Today, UCAS publishes analysis of all full-time undergraduate applications made by the 30 June deadline. This represents the full picture of demand from applicants to UCAS’ 2017 "main scheme”, where applicants make up to five choices.
The number of people who have applied to UK higher education courses for 2017 at the June deadline is 649,700.
This is 4% (around 25,000) fewer applicants compared to this point last year; a similar, but slightly smaller reduction than was seen at the January deadline (where the change was a decrease of 5%, around 30,000).
There are now 529,620 UK applicants (a decrease of 4% compared to this point last year); 49,250 EU applicants (a decrease of 5%); and 70,830 applicants from other overseas countries (an increase of 2%).
There have been reductions in applicants from all countries of the UK: 437,860 from England (a decrease of 5% on 2016); 48,940 from Scotland (down 1% on 2016); 22,530 from Wales (down 5% on 2016); and 20,290 from Northern Ireland (down 4% on 2016). More detail on these figures can be found within the Analysis of applicants by domicile publication.
The year-on-year changes in applicants show differences across age ranges. There are around 321,950 18-year-old applicants, an increase of 1,510 on last year. In England, the proportion of the 18-year-old population who have applied to higher education, the ‘application rate’, has increased from 37.2% in 2016 to 37.9%, the highest level recorded. In Wales, the application rate has fallen from 32.9% to 32.5%. There were 315,200 applicants at the deadline aged 19 or older (a decrease of 27,180 on last year). More detail on these figures can be found within the Analysis of applicants by sex and age publication.
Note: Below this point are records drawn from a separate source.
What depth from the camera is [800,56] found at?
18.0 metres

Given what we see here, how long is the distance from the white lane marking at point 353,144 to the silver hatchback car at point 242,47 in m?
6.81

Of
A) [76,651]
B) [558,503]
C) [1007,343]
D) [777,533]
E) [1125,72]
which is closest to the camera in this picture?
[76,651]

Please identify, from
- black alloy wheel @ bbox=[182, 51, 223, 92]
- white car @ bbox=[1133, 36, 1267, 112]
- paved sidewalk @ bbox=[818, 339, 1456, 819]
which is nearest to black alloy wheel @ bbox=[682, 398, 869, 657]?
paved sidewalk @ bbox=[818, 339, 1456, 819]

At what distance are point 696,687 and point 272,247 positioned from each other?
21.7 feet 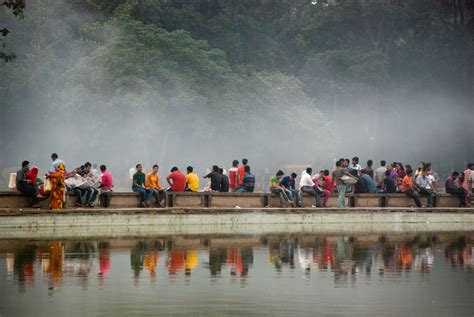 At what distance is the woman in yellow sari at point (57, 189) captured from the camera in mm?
31641

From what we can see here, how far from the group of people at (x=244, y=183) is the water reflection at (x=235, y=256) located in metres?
3.58

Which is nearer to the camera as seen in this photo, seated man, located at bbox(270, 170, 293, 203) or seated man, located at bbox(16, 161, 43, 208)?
seated man, located at bbox(16, 161, 43, 208)

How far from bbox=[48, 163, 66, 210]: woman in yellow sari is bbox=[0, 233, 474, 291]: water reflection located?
3194 millimetres

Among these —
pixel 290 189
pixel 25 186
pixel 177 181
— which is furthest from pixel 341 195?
pixel 25 186

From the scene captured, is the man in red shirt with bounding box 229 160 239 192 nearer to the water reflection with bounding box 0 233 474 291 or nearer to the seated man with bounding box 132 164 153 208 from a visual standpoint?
the seated man with bounding box 132 164 153 208

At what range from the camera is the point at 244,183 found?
3709 cm

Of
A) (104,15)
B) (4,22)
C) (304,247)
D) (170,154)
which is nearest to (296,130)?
(170,154)

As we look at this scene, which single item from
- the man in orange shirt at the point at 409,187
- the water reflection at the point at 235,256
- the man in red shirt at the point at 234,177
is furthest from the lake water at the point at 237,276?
the man in orange shirt at the point at 409,187

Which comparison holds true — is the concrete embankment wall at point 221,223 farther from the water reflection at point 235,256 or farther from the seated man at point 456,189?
the water reflection at point 235,256

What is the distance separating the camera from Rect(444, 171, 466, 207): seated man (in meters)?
39.0

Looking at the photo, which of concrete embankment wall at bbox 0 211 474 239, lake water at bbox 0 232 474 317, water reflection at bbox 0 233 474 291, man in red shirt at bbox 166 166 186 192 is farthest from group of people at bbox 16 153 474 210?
water reflection at bbox 0 233 474 291

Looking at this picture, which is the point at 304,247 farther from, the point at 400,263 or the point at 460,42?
the point at 460,42

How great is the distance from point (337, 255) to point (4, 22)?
5219cm

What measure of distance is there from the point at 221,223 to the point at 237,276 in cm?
1243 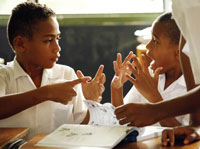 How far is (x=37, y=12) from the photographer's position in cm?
206

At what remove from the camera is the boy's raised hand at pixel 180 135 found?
136 centimetres

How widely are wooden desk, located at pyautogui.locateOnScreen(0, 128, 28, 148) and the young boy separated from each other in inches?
8.6

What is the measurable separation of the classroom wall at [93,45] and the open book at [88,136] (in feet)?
6.92

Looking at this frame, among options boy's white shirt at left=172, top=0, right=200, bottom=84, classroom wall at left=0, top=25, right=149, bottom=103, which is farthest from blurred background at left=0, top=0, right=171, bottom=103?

There are additional statistics on applicants to nursing courses. Overall, there are 53,010 applicants to nursing courses, representing a decrease of 19% compared to this point last year. More detail behind these figures, and further breakdowns, can be found within the nursing publications.
Dr Mark Corver, UCAS Director of Analysis and Research, commented: “With the main application period at an end, the total numbers of people applying are down 25,000 on last year, around 4%. Within the figures, there are contrasting trends. The decrease in applicants is driven by falls from England, Wales and the EU, but applicants from other overseas countries are up 2%. Within the UK, older applicants are down, but applicants from the key 18-year-old age group have increased again to 321,950, supported by a record application rate from young people in England of 37.9%.
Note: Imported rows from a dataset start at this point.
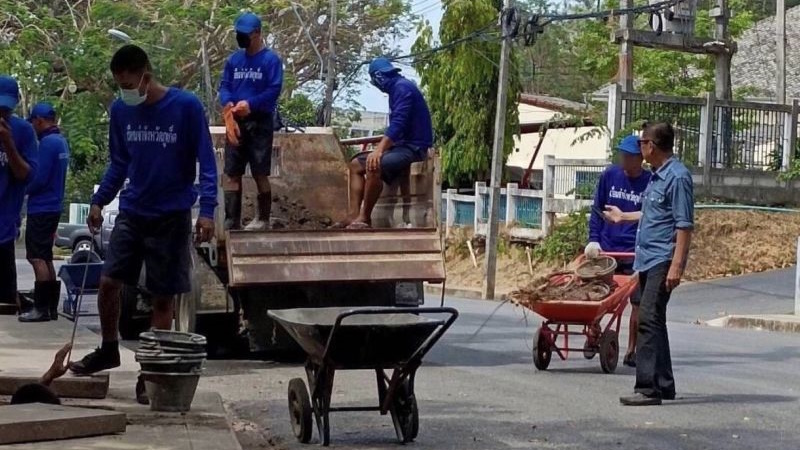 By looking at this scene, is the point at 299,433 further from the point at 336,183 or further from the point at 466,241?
the point at 466,241

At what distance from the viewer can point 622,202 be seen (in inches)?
485

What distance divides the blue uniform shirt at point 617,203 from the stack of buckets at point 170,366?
16.3 ft

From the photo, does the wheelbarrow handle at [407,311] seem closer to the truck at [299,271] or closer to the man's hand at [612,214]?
the truck at [299,271]

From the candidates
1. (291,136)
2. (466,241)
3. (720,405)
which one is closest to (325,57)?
(466,241)

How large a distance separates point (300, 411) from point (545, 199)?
Result: 23129 millimetres

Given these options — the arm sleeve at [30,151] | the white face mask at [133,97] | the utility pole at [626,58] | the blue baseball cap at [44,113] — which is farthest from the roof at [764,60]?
the white face mask at [133,97]

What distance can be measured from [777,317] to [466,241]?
13980mm

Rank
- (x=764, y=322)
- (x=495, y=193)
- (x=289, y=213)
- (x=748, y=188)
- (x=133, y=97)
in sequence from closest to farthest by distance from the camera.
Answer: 1. (x=133, y=97)
2. (x=289, y=213)
3. (x=764, y=322)
4. (x=495, y=193)
5. (x=748, y=188)

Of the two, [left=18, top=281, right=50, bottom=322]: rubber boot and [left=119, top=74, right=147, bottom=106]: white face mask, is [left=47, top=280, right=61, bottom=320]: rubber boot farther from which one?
[left=119, top=74, right=147, bottom=106]: white face mask

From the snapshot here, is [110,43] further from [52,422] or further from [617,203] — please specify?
[52,422]

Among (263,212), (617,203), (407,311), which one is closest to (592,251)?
(617,203)

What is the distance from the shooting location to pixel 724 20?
32.4m

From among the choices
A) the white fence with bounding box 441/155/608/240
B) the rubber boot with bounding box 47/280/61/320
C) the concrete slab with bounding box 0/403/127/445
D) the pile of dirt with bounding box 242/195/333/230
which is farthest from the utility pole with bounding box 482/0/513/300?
the concrete slab with bounding box 0/403/127/445

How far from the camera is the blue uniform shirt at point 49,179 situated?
12.8 meters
“How these trends translate into students at university and colleges will become clear over the next six weeks as applicants get their results and secure their places, and new applicants apply direct to UCAS’ Clearing process.”
Notes to editors
UCAS tables published today (13 July 2017) include applicant numbers by age, sex, country of domicile, country of institution applied to, and institution type (higher, medium and lower Tariff), as well as the number of applications (choices) by subject group.
Percentage changes are rounded to the nearest percent in the tables.
The 15 January ‘on time’ deadline is the deadline for applications to most courses. After 15 January, UCAS continues to send applications to universities and colleges for consideration up until 30 June. Between the 2017 January and June deadlines there were 85,510 applicants. From 1 July, new applicants for entry in 2017 apply directly to the final Clearing stage of admissions.
The January deadline applicants account for (typically) 83% of all UK domiciled applicants in a cycle, and the June deadline applicants account for (typically) 94% of all UK domiciled applicants in a cycle.
In Scotland, there is a substantial section of higher education that is not included in UCAS' figures. This is mostly full-time HE provided in further education colleges, which represents around one third of young full-time undergraduate study in Scotland, and this proportion varies by geography and background within Scotland. Accordingly, figures on applications and application rates in Scotland reflect only that part of full-time undergraduate study that uses UCAS.
In the 2015 cycle, there were also changes to the scope of the data recorded in the UCAS scheme for Scotland (including teacher training courses in Scotland moving from the dedicated UCAS Teacher Training scheme into the main UCAS scheme).
UCAS, the Universities and Colleges Admissions Service, is a charity, and the UK's shared admissions service for higher education. We manage applications from around 700,000 people each year for full-time undergraduate courses at over 370 providers across the UK.